The Corinthian Christians wrote a letter to Paul asking him some basic questions about how to live out their Christianity. One of those questions had to do with relationships between men and women. Since they lived in a pagan culture, they grew up with pagan examples of how to be single and how to be married. After coming to Christ, they realized God had different standards, and they wanted to learn His ideal for Christian relationships. This chapter is Paul’s response to their question. It is worth noting that Paul writes concerning three groups of people: the single, the married and the separated.
To the single Christian, Paul explains that physical relationships, while designed by God, are restricted to the marriage relationship. In order to remove all doubt about the danger of getting involved physically before marriage, he writes, “It is good for a man not to touch a woman.” Obviously, he is not speaking about an accidental bump or a handshake, but is referring to the physical acts that arouse and lead to sexual activity. Although it is common, encouraged, and expected for single people today to be sexually active, Paul tells the Christian to wait for marriage.

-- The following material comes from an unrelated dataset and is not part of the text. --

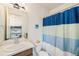 Bright bathroom with a single sink vanity and a blue and white striped shower curtain at 1282 Eldorado Dr, Superior, CO 80027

When it comes to the married Christian, Paul has an entirely different message. He explains that when we are wed, we give ourselves to our spouse. We are no longer two individuals living to fulfill our own wishes, but we have become one. Our lives are now wrapped up inseparably with our spouse.This is particularly true as it relates to our physical relationship. Instead of using sex as a weapon to win our way with our spouse, Paul writes, “Let the husband render to his wife the affection due her, and likewise also the wife to her husband.” Clearly, the affection a wife desires is different from what a husband wants. In order to have a healthy marriage, we must take our eyes off our own desires and place them upon our spouse. Sometimes, the most affectionate thing a man can do for his wife is to clean the kitchen, do the laundry or help the kids with their homework.
Finally, Paul has a message for those whose marriages are falling apart. They have encountered such storms within their relationship, the only course of action seems to be to dissolve the marriage before anyone else gets hurt. Within the culture of the ancient world, divorce was common. When things get difficult, people always seem to look for a way out. Paul’s message might be summed up by saying, difficulty is not a reason to dissolve a marriage, but to work on the marriage. He writes,
“A wife is not to depart from her husband. But even if she does depart, let her remain unmarried or be reconciled to her husband. And a husband is not to divorce his wife.”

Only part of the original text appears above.